:: Data shown ::

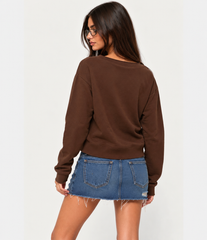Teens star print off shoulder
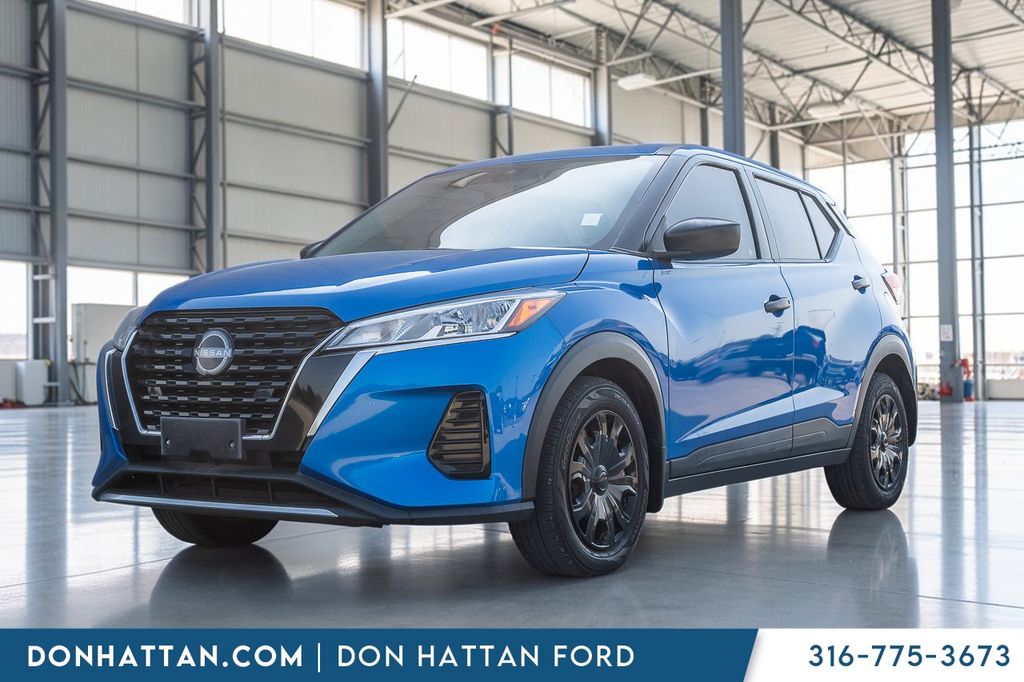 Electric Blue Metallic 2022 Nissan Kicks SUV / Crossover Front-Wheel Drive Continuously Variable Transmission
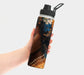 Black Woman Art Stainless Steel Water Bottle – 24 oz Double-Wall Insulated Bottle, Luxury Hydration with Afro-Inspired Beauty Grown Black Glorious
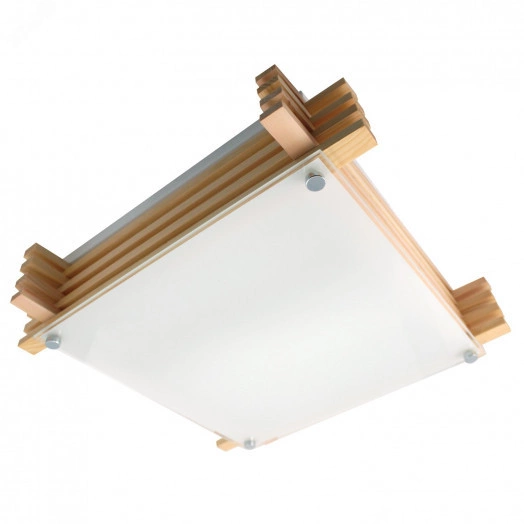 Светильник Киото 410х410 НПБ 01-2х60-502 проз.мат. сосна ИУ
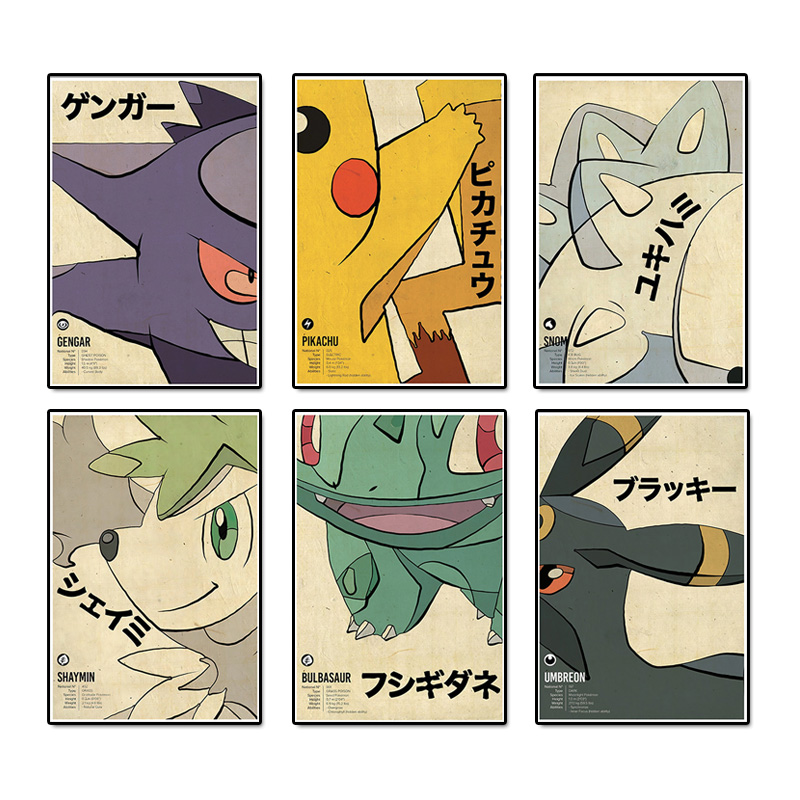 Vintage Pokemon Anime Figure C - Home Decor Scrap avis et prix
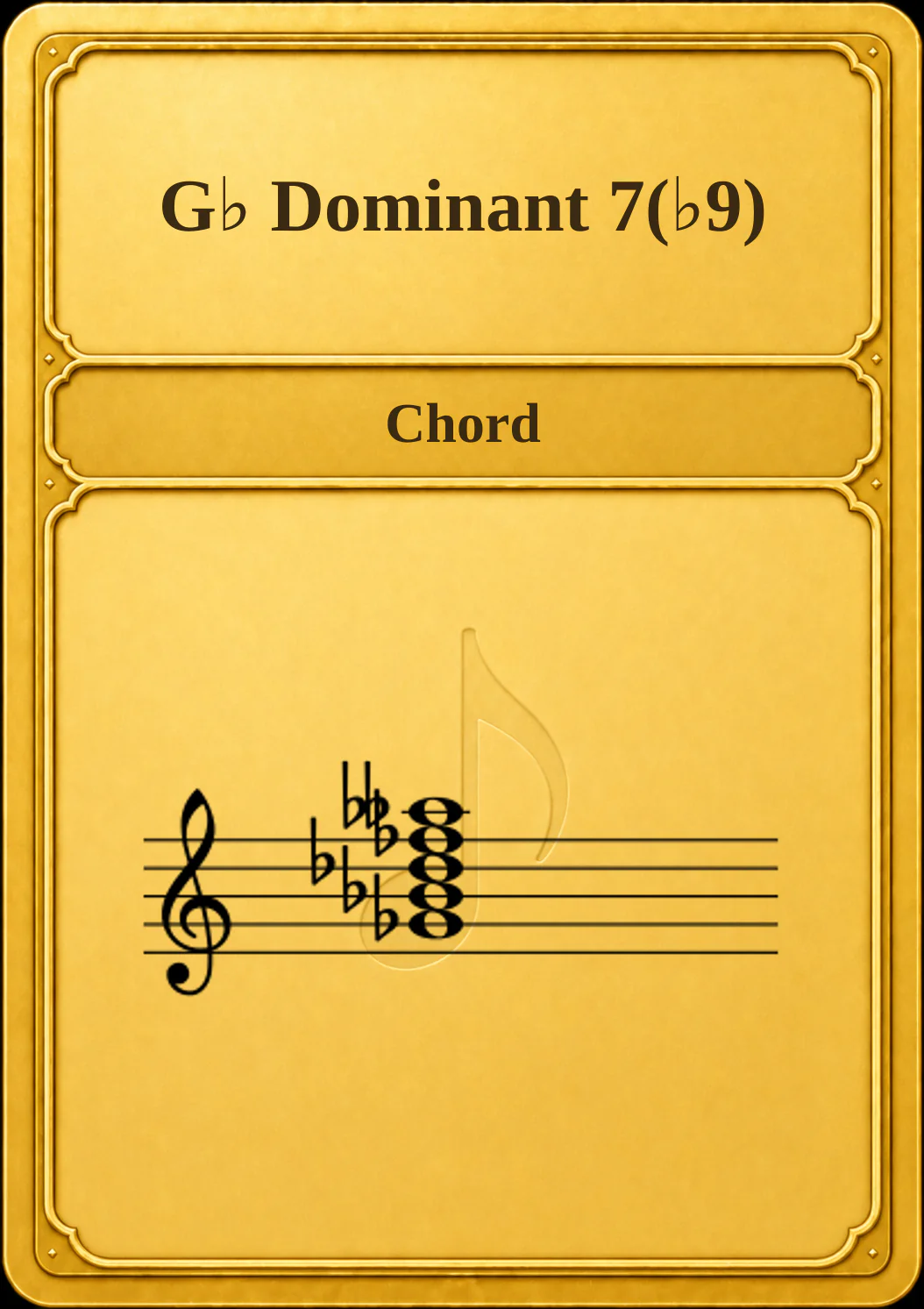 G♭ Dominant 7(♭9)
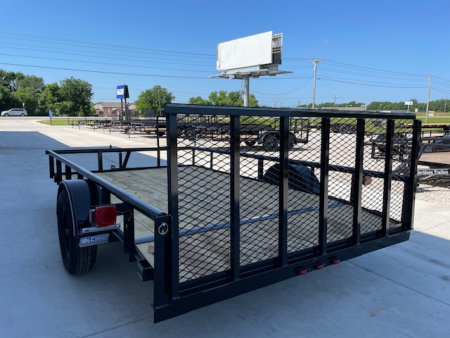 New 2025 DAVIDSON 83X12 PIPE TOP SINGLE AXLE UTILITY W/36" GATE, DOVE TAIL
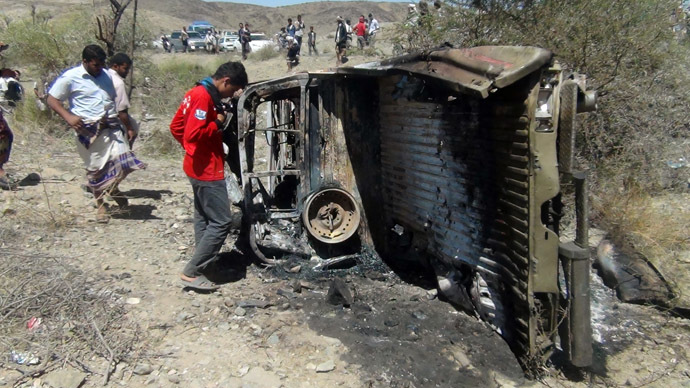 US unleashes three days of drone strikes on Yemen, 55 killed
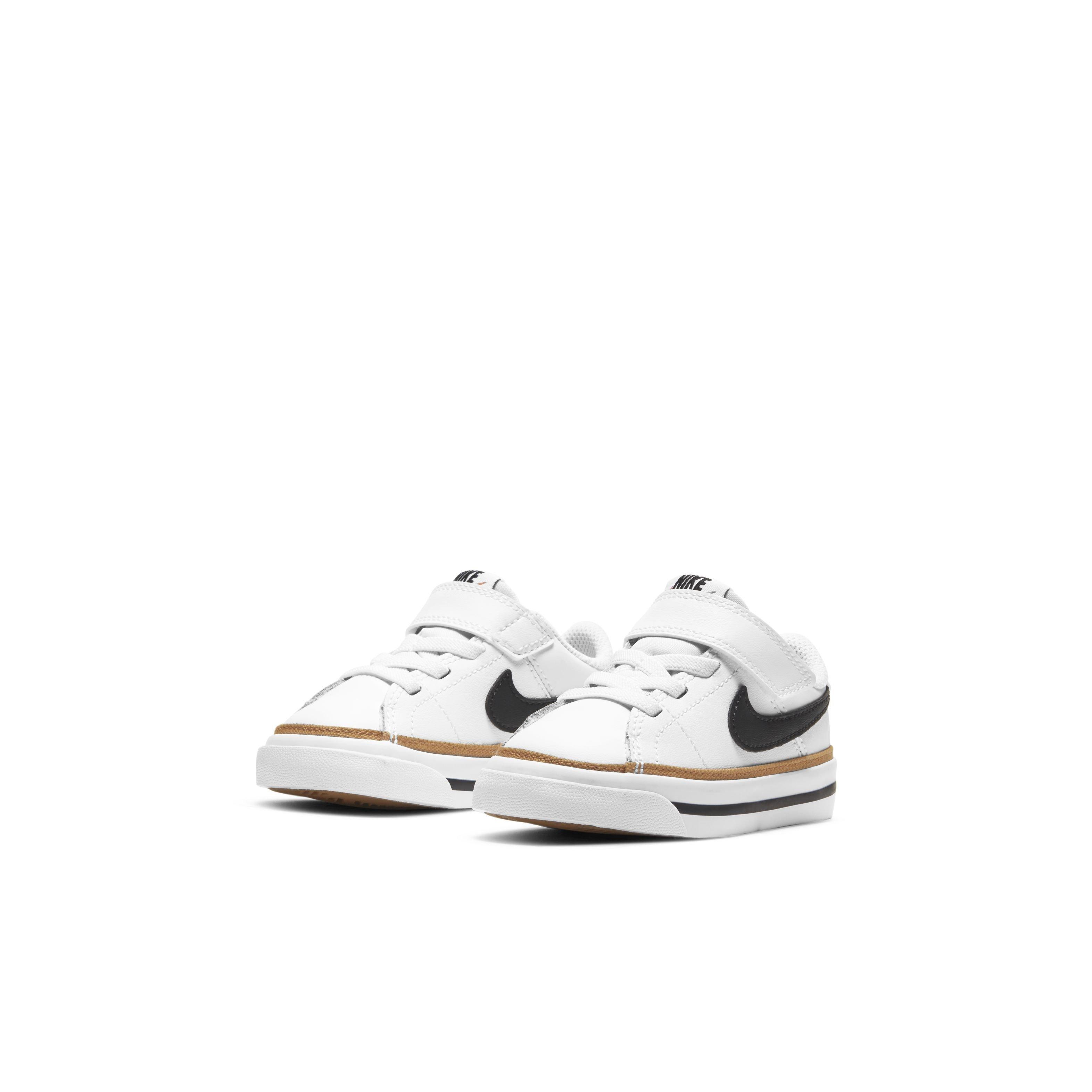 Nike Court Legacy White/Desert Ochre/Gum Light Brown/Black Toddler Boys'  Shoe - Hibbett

:::
:: Data shown ::

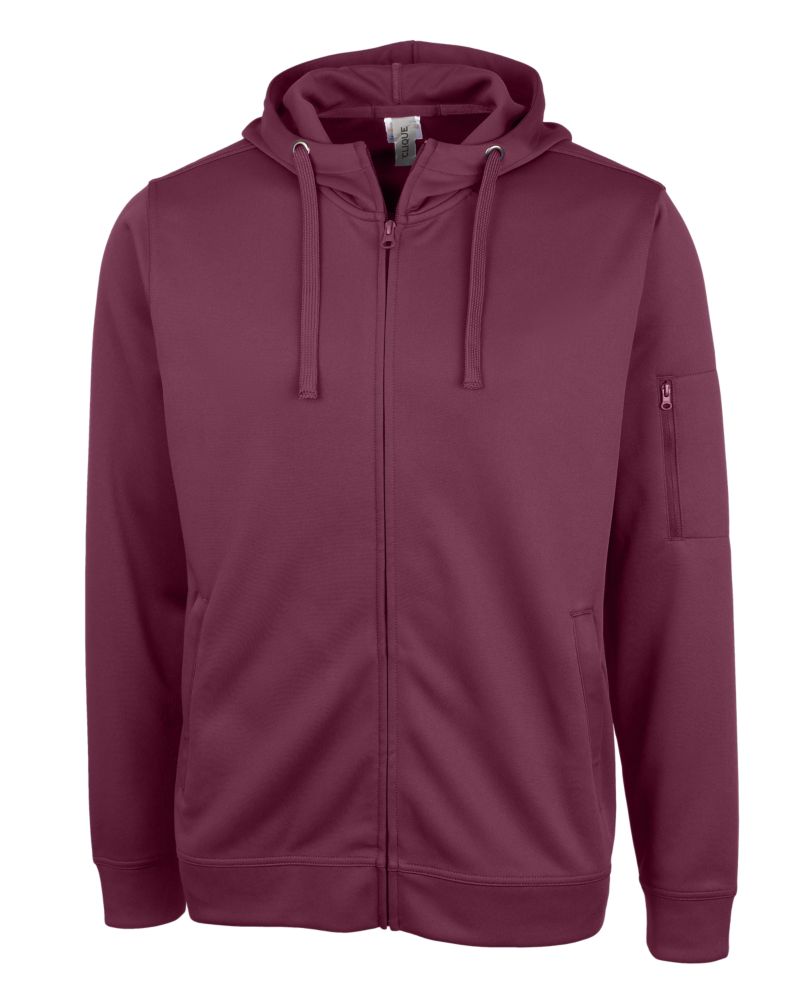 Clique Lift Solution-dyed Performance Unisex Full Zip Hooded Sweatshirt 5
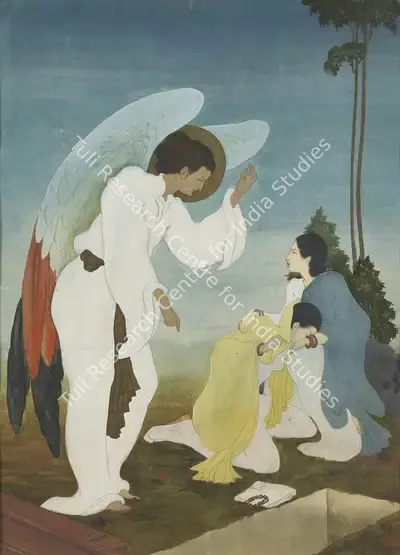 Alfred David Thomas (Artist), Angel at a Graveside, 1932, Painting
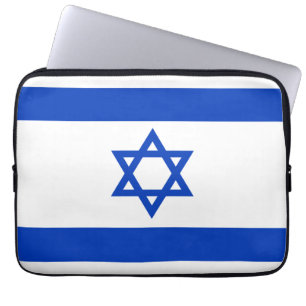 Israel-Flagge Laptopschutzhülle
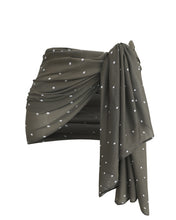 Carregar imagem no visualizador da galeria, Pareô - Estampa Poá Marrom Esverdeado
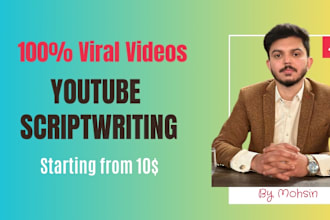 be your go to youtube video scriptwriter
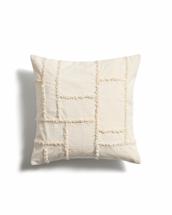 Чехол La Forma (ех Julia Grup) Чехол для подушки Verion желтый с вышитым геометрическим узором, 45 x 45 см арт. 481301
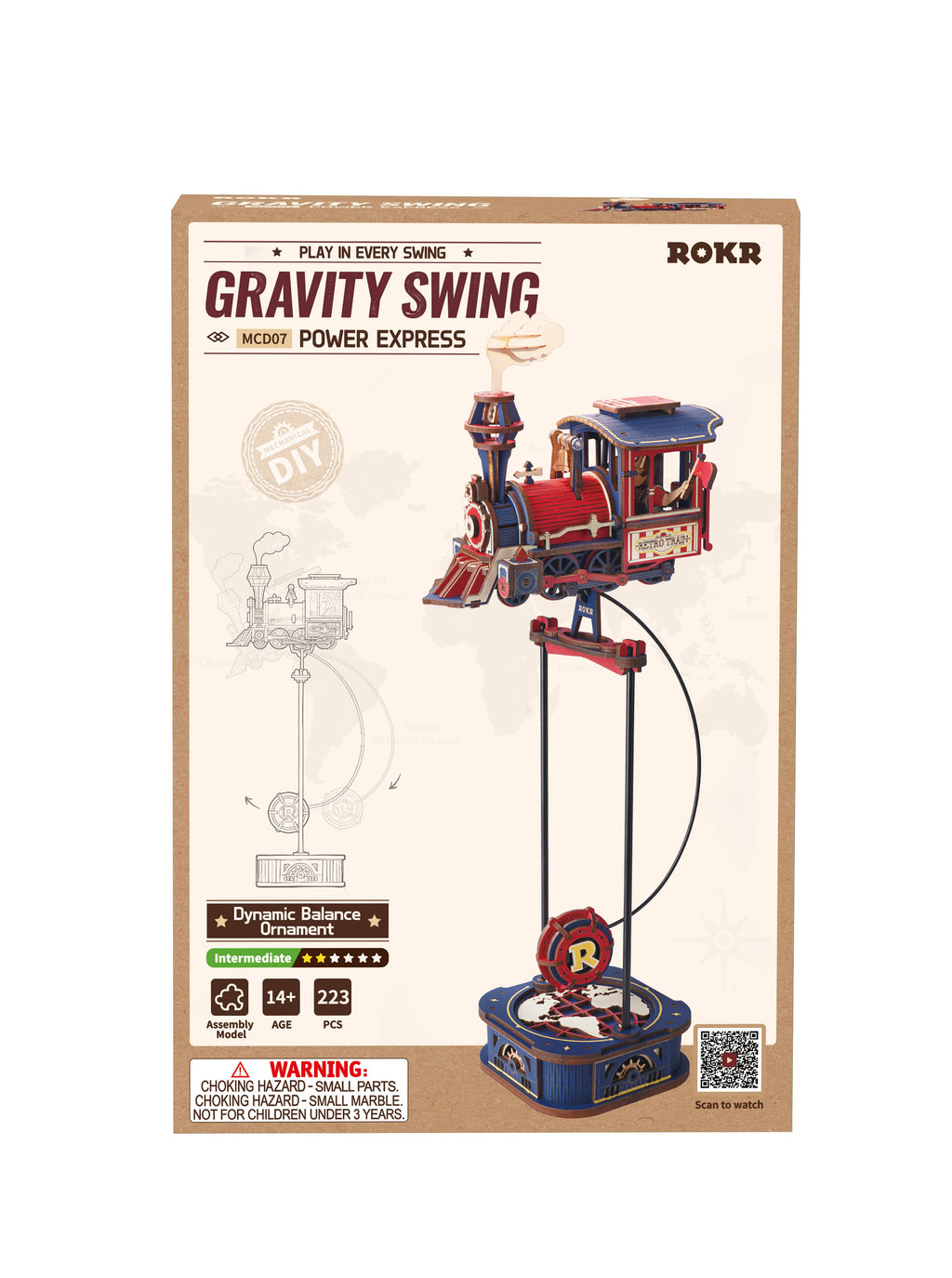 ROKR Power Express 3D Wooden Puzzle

:::

▶ What you have to do:
For the entries above, print exactly the lines between the one with "Teens star print off shoulder" and the one with "Nike Court Legacy", inclusive, with no pictures.

▶ Response to this task:
Teens star print off shoulder
 Electric Blue Metallic 2022 Nissan Kicks SUV / Crossover Front-Wheel Drive Continuously Variable Transmission
 Black Woman Art Stainless Steel Water Bottle – 24 oz Double-Wall Insulated Bottle, Luxury Hydration with Afro-Inspired Beauty Grown Black Glorious
 Светильник Киото 410х410 НПБ 01-2х60-502 проз.мат. сосна ИУ
 Vintage Pokemon Anime Figure C - Home Decor Scrap avis et prix
 G♭ Dominant 7(♭9)
 New 2025 DAVIDSON 83X12 PIPE TOP SINGLE AXLE UTILITY W/36" GATE, DOVE TAIL
 US unleashes three days of drone strikes on Yemen, 55 killed
 Nike Court Legacy White/Desert Ochre/Gum Light Brown/Black Toddler Boys'  Shoe - Hibbett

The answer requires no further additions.